Upbraiding: The Spirit of Blame and Criticism

Updated: Oct 7

How many of you have ever been corrected? I’m sure everyone can attest to a time they have been corrected by another. Now, can you recall a time when you were criticized? What are some of the key differences, if you can tell? It would not be uncommon if you may initially feel that they are one and the same. But if they were, there would be no need to have sayings such as “constructive criticism.” They differ just as salt is differentiated from sugar. And although they appear similar, they taste different. This is why it is important to understand what upbraiding means. And how it defers from simply correcting or reproving someone. Let’s examine “upbraid” using the Strong’s Concordance of the Bible.


Strong's Number

H2778

Original Word

חרף

Transliterated Word

châraph

Phonetic Spelling

khaw-raf'

Parts of Speech

Verb

Strong's Definition

A primitive root; to pull {off} that {is} (by implication) to expose (as by stripping); specifically to betroth (as if a surrender); figuratively to carp {at} that {is} defame; denominatively (from H2779) to spend the winter: - {betroth} {blaspheme} {defy} {jeopard} {rail} {reproach} upbraid.

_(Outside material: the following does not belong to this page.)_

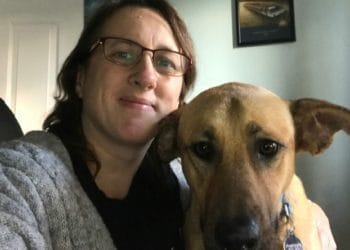 wokingham dog sanctuary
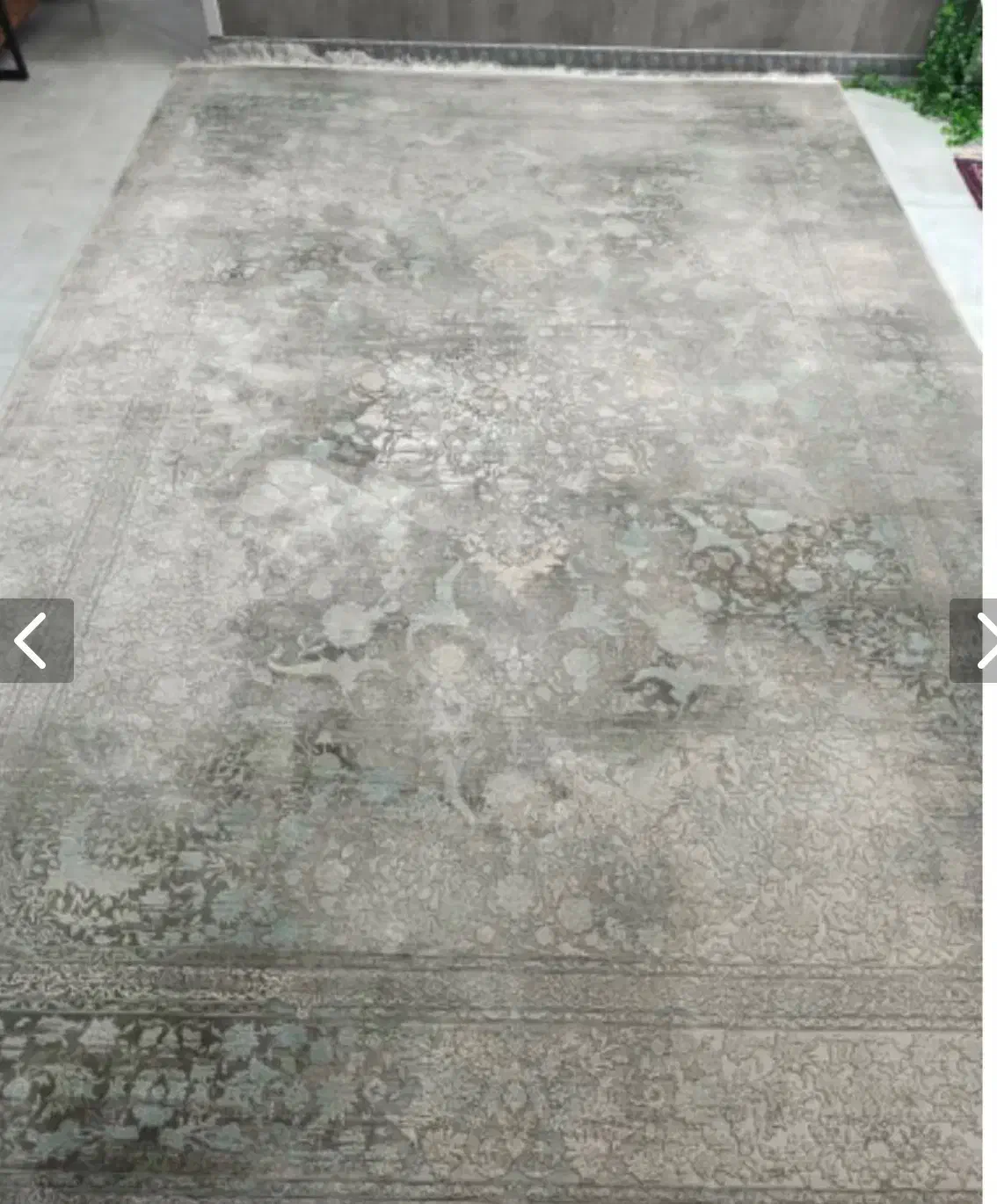 قالی ۶متری رنگ طوسی نو|فرش|کرمان, |دیوار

Brown-Driver-Briggs' Definition

  1. to reproach, taunt, blaspheme, defy, jeopardise, rail, upbraid

    • (Qal) to reproach

    • (Piel) to reproach, defy, taunt

  2. (Qal) to winter, spend harvest time, remain in harvest time

  3. (Niphal) to acquire, be betrothed


Strong's Number

G3679

Original Word

ὀνειδέζω

Transliterated Word

oneidezō

Phonetic Spelling

on-i-did'-zo

Parts of Speech

Verb

Strong's Definition

From G3681; to defame that is rail at chide taunt: - cast in teeth (suffer) reproach revile upbraid.

Thayer's Definition

  1. to reproach, upbraid, revile

    • of deserved reproach

    • of undeserved reproach, to revile

    • to upbraid, cast (favours received) in one's teeth


When one upbraids you. They are generally reproaching you. They are trying to find fault in you, blame you or discredit you. Need this be done severely or frequently.


James 1:4-7 KJVS

[4] But let patience have her perfect work, that ye may be perfect and entire, wanting nothing. [5] If any of you lack wisdom, let him ask of God, that giveth to all men liberally, and upbraideth not; and it shall be given him. [6] But let him ask in faith, nothing wavering. For he that wavereth is like a wave of the sea driven with the wind and tossed. [7] For let not that man think that he shall receive any thing of the Lord.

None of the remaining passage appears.